I sat then in the cavernous Palm Springs Convention Center with the Molly’s Game and STX contingent that included star Jessica Chastain and writer/ debuting director Aaron Sorkin. Chastain, there with her husband, said she had just gotten back from the Alps on their holiday break and came straight to this event. “I think it is something like 4AM my time right now,” she said, though you would never know it. She was wide awake and in high spirits. At the Christmas party she threw, she said she got Sorkin to actually sing “Tonight” from West Side Story after she told him a previous tenant of her New York digs was that show’s composer Leonard Bernstein. Sorkin laughed, but said he thinks the fire escapes on the side of the building might have inspired the famous images from that show. Sorkin actually presented Chastain with the Chairman’s Award, her second honor from PSIFF after receiving the Spotlight Award a few years ago. Thus, she said the fest holds a special place in her heart. Even though hers was the last to be presented in the long three-hour evening, she clearly stole the show with strong remarks that were widely reported. “It’s been a difficult year, but major change is coming. Change is good. Change is needed. Each one of us is diminished by a flawed system. We must make things better. We must be better and we will be,” she said before offering a shout-out to some men who have been instrumental in her career by saying, “We’ve heard a lot about the bad boys of Hollywood but here is to some of the good ones”, mentioning several from Del Toro to Sorkin, but first the late Dan Ireland, a great guy we all miss who put her in her first major leading role in Jolene.
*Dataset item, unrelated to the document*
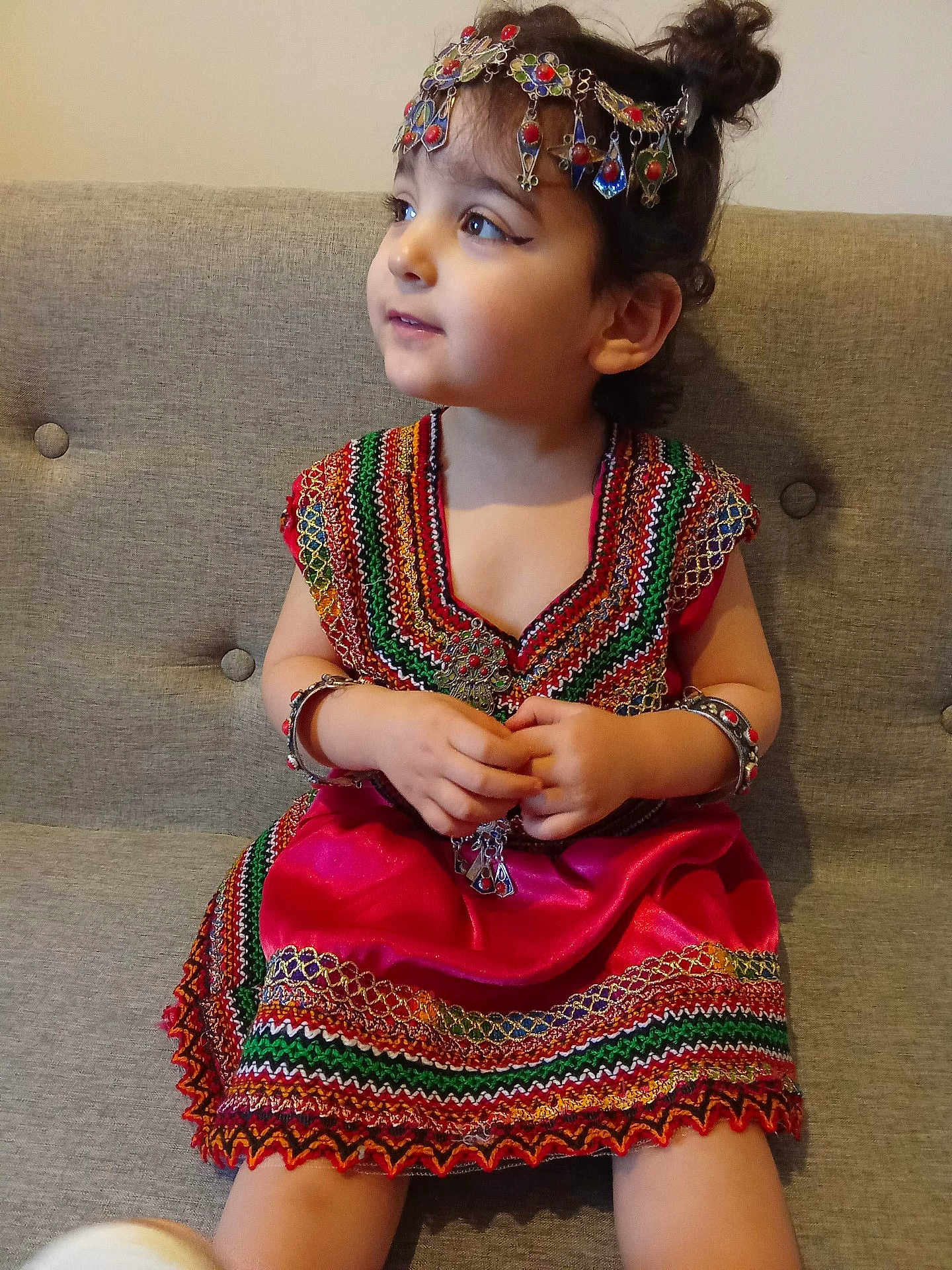 Zira a rejoint le concours — aidez-le/la à gagner de superbes lots ! child, toddler, traditional_clothing, dress, jewelry, bracelets, headpiece, sitting, couch, indoors, portrait, cute, decorative, colorful, patterned, young_child, face, eyes, hands, hair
Darkest Hour’s Gary Oldman, who won the Actor of the Year honor, also won over the crowd when he announced that he and his wife are going to be moving to Palm Springs. This was his second honor from the fest as well, and with that pronouncement, he can one day be guaranteed a third, as the audience loved it. It was actually a great night and a good Globes warm-up that including heartfelt speeches from the likes of honorees Allison Janney, Holly Hunter, Mary J. Blige, Sam Rockwell, Saoirse Ronan, Guillermo Del Toro, Timothy Chalamet, Willem Da Foe, and Gal Gadot.
We might be hearing from a few of them on Sunday. On to the Globes.